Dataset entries
- - - - - - -
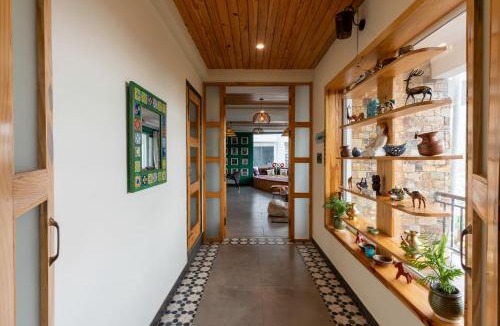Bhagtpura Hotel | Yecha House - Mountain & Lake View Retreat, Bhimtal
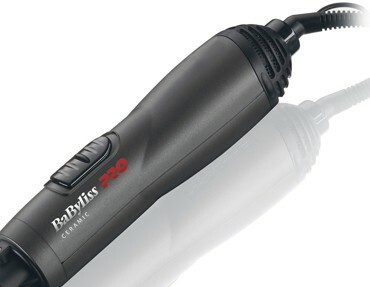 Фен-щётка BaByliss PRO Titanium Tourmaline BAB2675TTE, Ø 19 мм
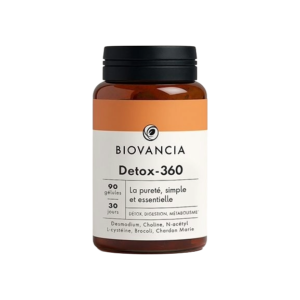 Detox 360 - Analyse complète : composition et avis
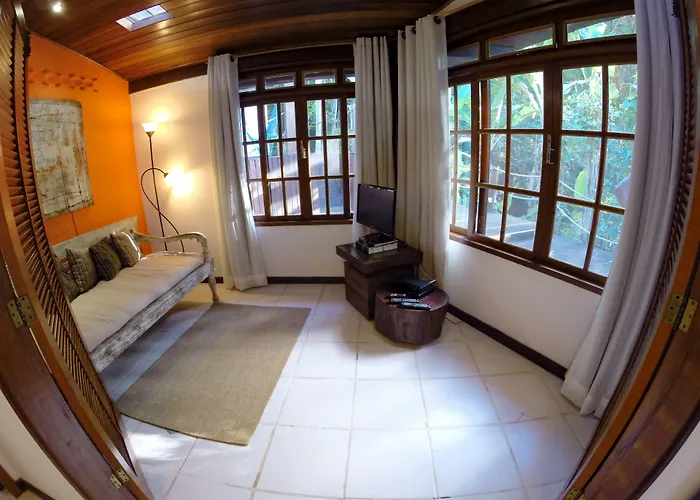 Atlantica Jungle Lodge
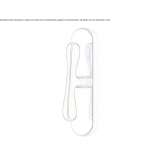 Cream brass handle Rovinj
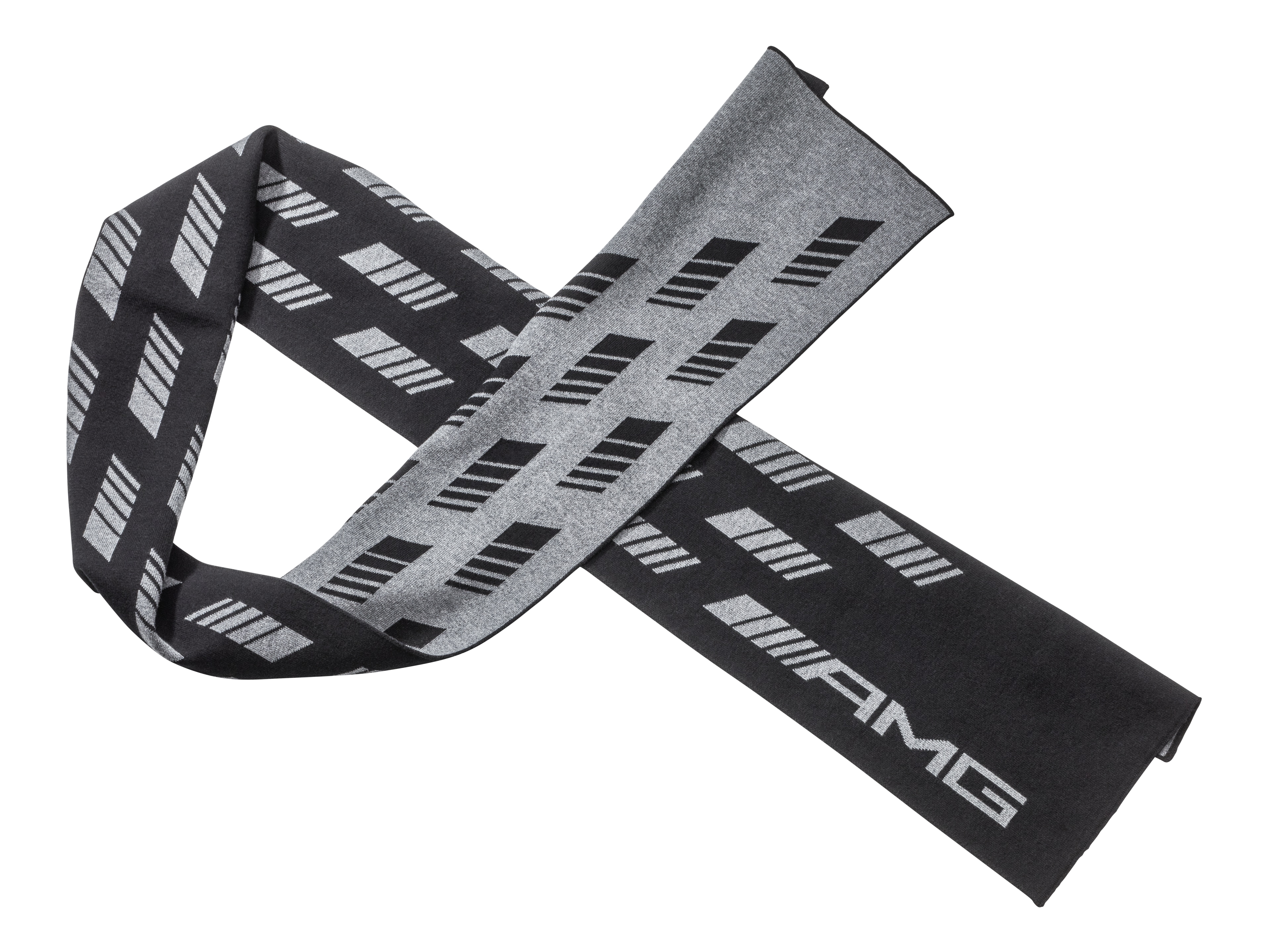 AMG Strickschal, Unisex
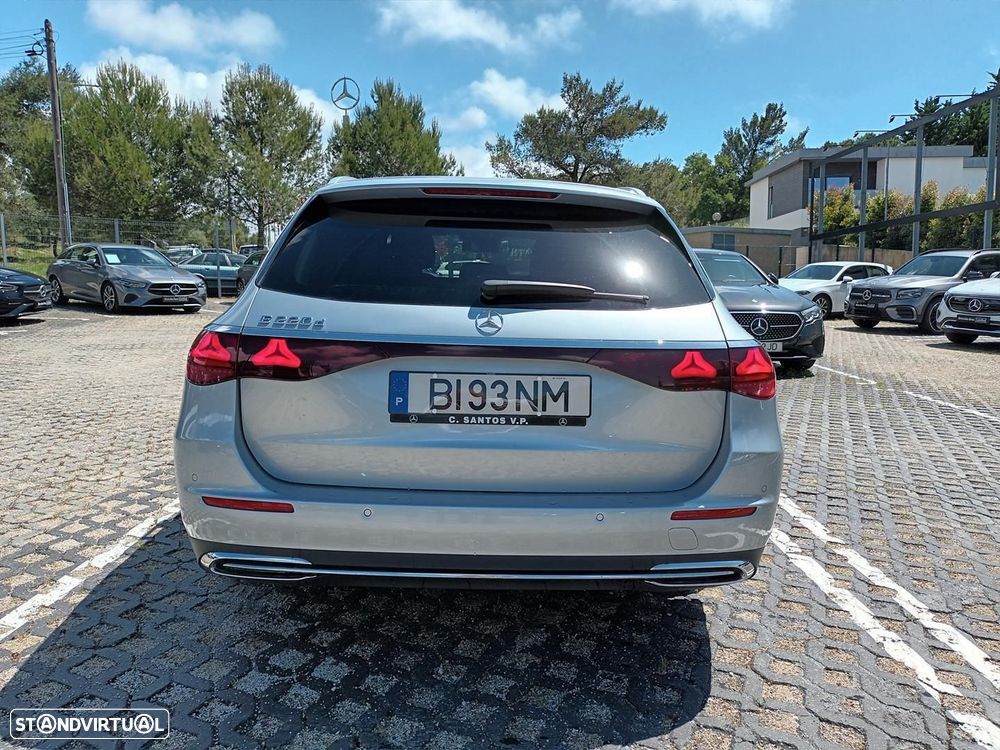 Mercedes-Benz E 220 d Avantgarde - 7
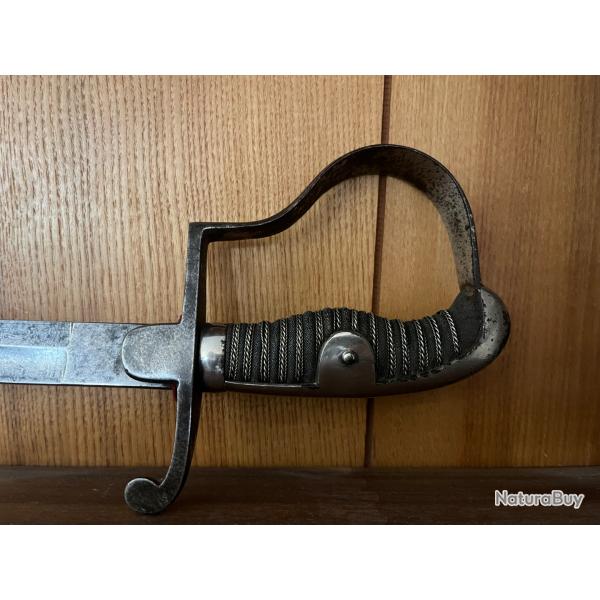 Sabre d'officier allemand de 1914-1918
- - - - - - -
(YOUR GOAL):
An exact restatement of the entries above is needed; no picture may appear in it.

(FINISHED EXERCISE):
Bhagtpura Hotel | Yecha House - Mountain & Lake View Retreat, Bhimtal
 Фен-щётка BaByliss PRO Titanium Tourmaline BAB2675TTE, Ø 19 мм
 Detox 360 - Analyse complète : composition et avis
 Atlantica Jungle Lodge
 Cream brass handle Rovinj
 AMG Strickschal, Unisex
 Mercedes-Benz E 220 d Avantgarde - 7
 Sabre d'officier allemand de 1914-1918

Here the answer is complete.